Work instructions: Could you transcribe exactly the lines from the one containing "2015 Chevrolet Equinox" through the end of the listing below, both included, but none of the pictures?

Material for the task:
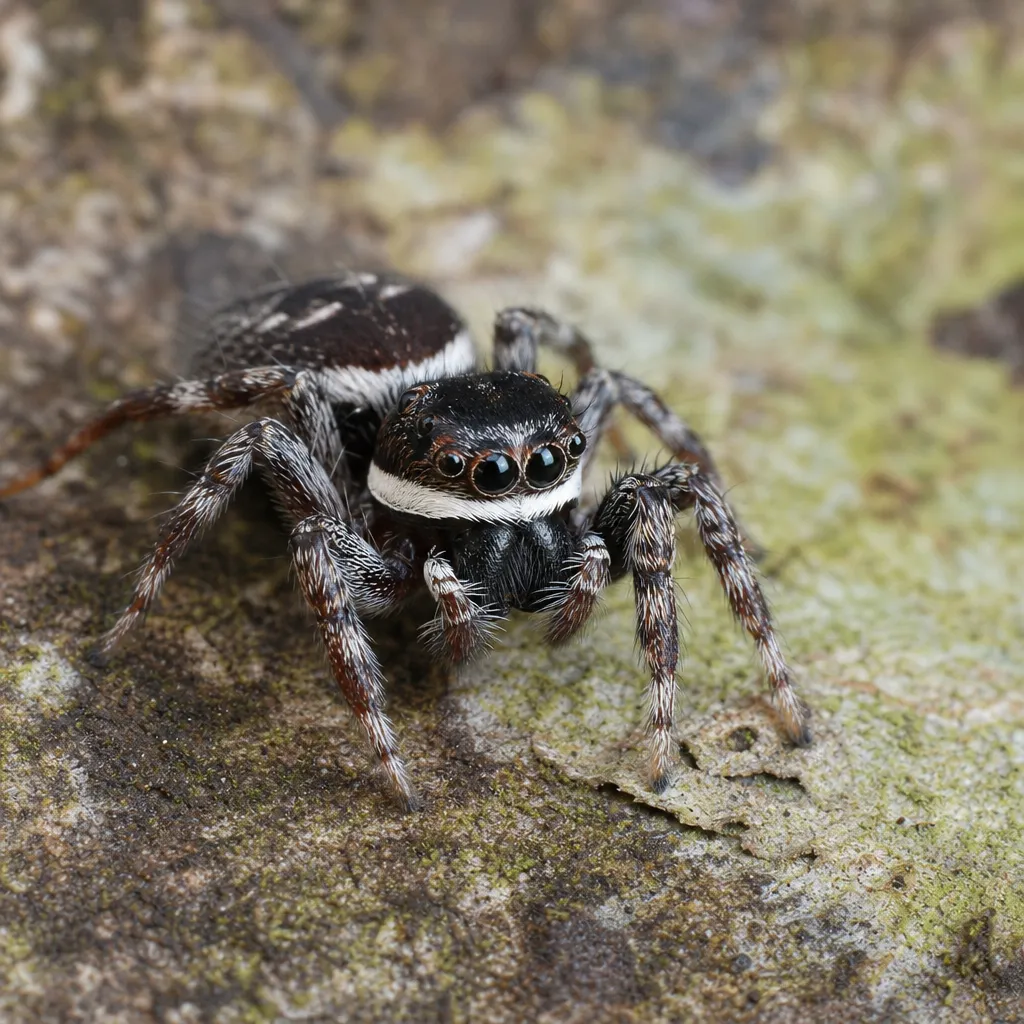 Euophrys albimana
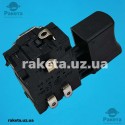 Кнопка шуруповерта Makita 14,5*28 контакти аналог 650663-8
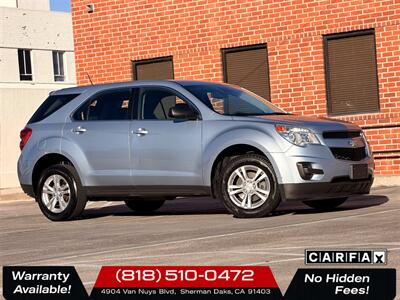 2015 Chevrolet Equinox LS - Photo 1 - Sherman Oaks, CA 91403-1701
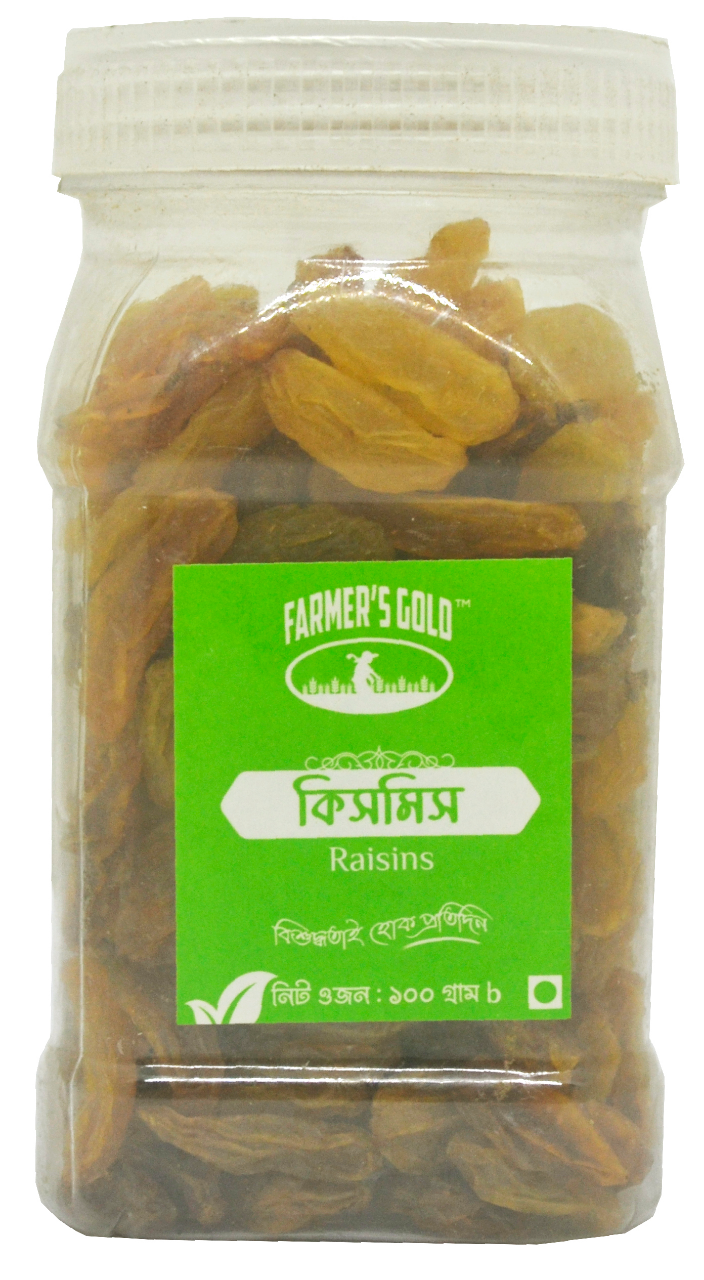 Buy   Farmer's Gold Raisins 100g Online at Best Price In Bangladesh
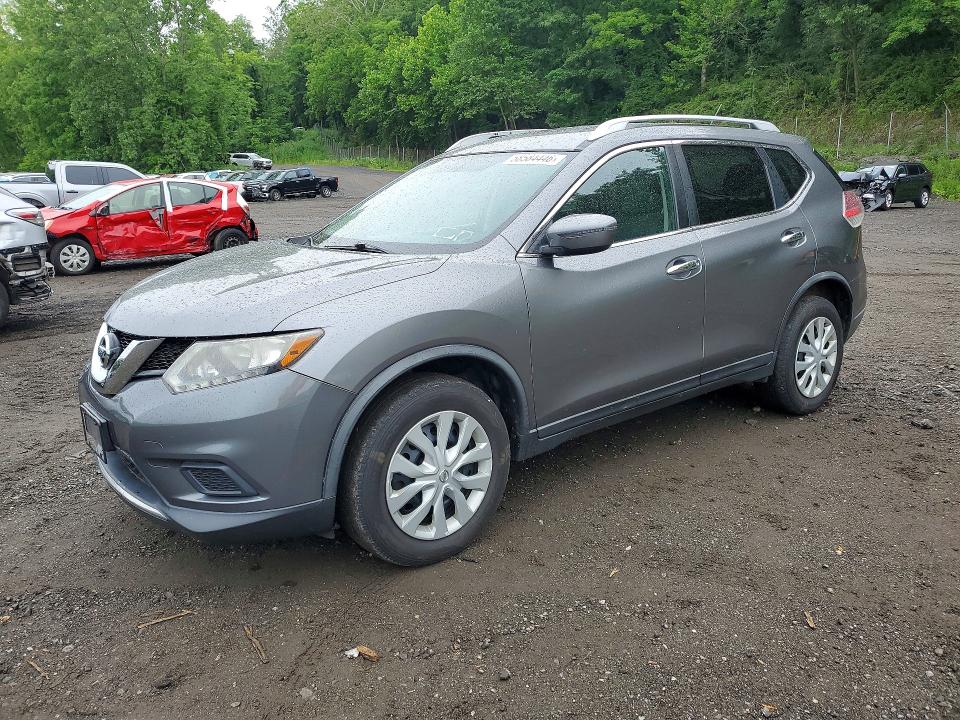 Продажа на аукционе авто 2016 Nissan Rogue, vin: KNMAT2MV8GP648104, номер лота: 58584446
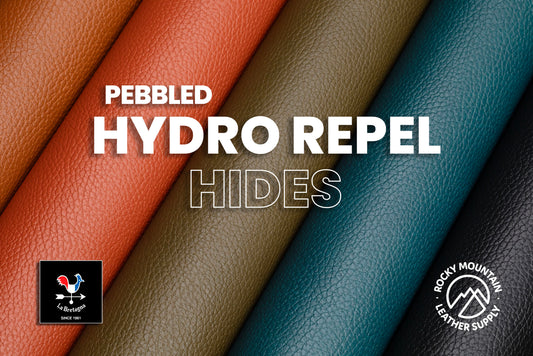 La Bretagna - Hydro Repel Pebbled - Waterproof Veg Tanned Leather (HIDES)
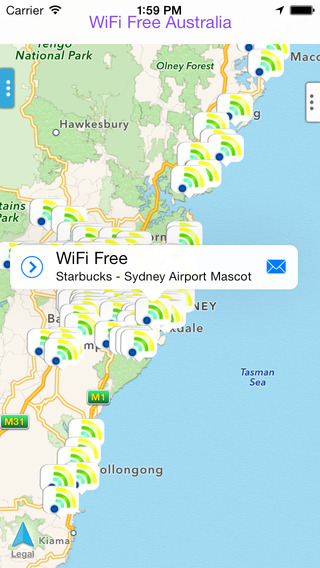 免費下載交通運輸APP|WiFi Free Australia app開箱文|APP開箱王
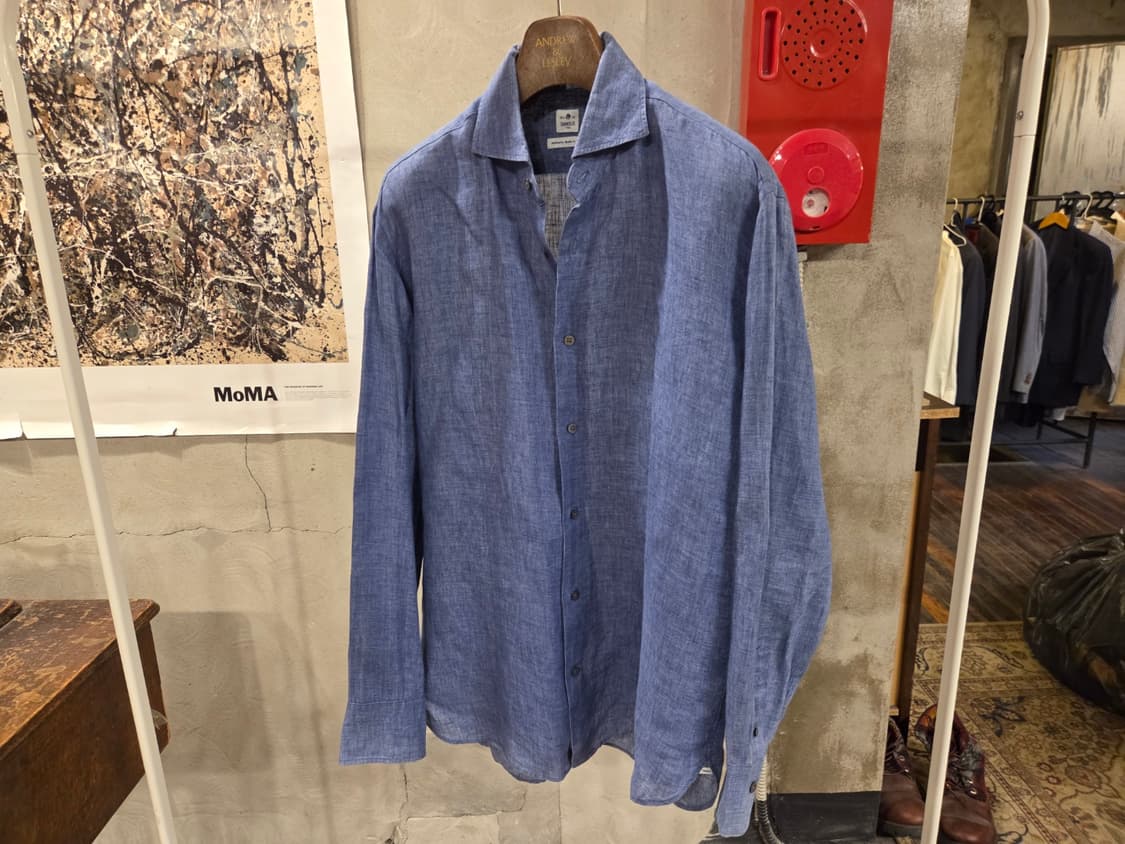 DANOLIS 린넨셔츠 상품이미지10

Written solution:
 2015 Chevrolet Equinox LS - Photo 1 - Sherman Oaks, CA 91403-1701
 Buy   Farmer's Gold Raisins 100g Online at Best Price In Bangladesh
 Продажа на аукционе авто 2016 Nissan Rogue, vin: KNMAT2MV8GP648104, номер лота: 58584446
 La Bretagna - Hydro Repel Pebbled - Waterproof Veg Tanned Leather (HIDES)
 免費下載交通運輸APP|WiFi Free Australia app開箱文|APP開箱王
 DANOLIS 린넨셔츠 상품이미지10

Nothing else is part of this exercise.